# Task brief
All lines from the one containing "JJ J.J Hardy" through the final line of the records below should be reproduced exactly, with the pictures left out.

***** Working data *****

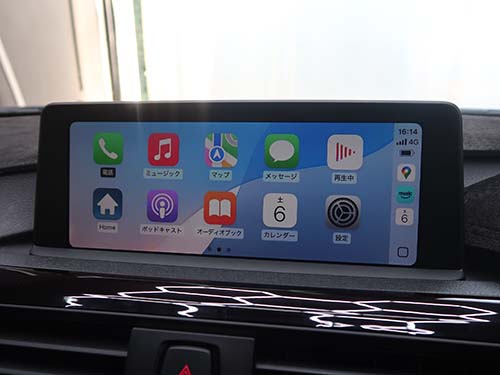 ALPINA B4 F32 AppleCarPlayインターフェースを装着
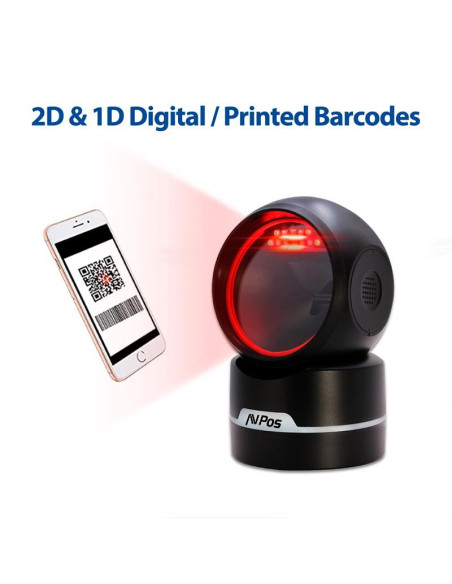 LECTOR AVPOS CODIGOS 1D +2D + QR M680 SOBREMESA USB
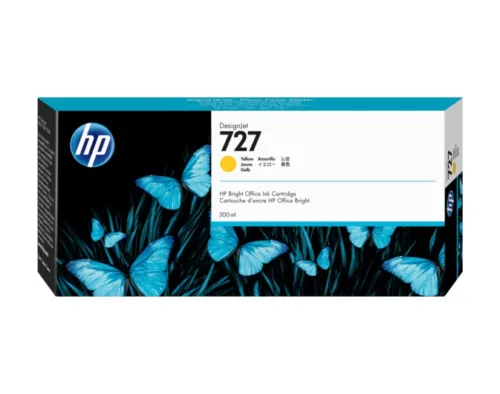 Cartus Cerneala Original HP Yellow 727  F9J78A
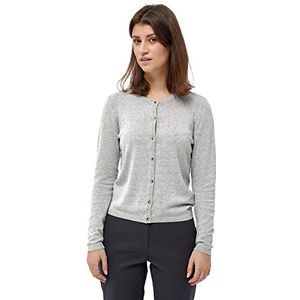 Peppercorn Tana Cardigan voor dames, Grijs (8242 Light Grey Mel.)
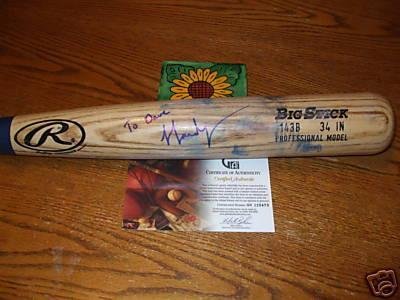JJ J.J Hardy Milwaukee Brewers Signed Autograph Bat GAI - Autographed MLB Bats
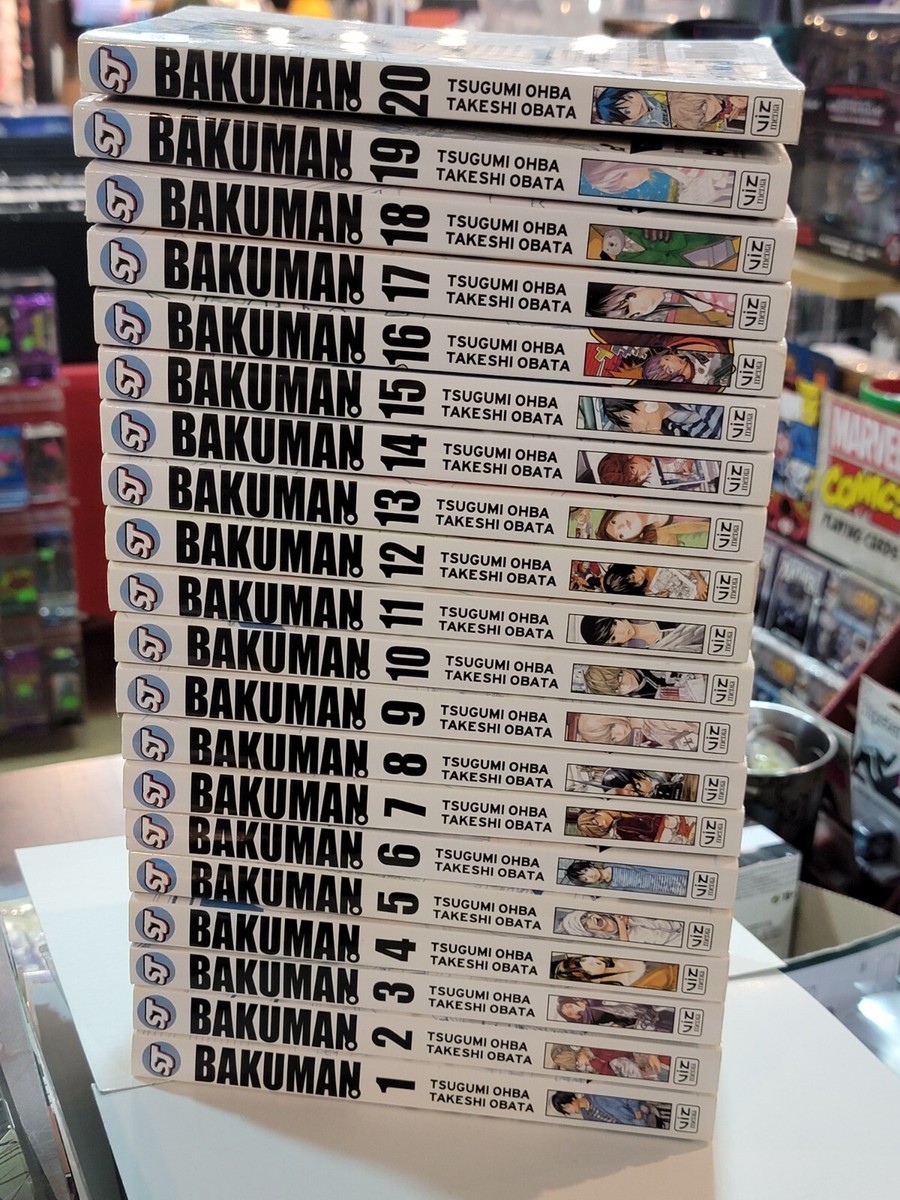 Bakuman 1-20 Paperback Complete English Manga Set Viz Media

*****

# Result of the task
JJ J.J Hardy Milwaukee Brewers Signed Autograph Bat GAI - Autographed MLB Bats
 Bakuman 1-20 Paperback Complete English Manga Set Viz Media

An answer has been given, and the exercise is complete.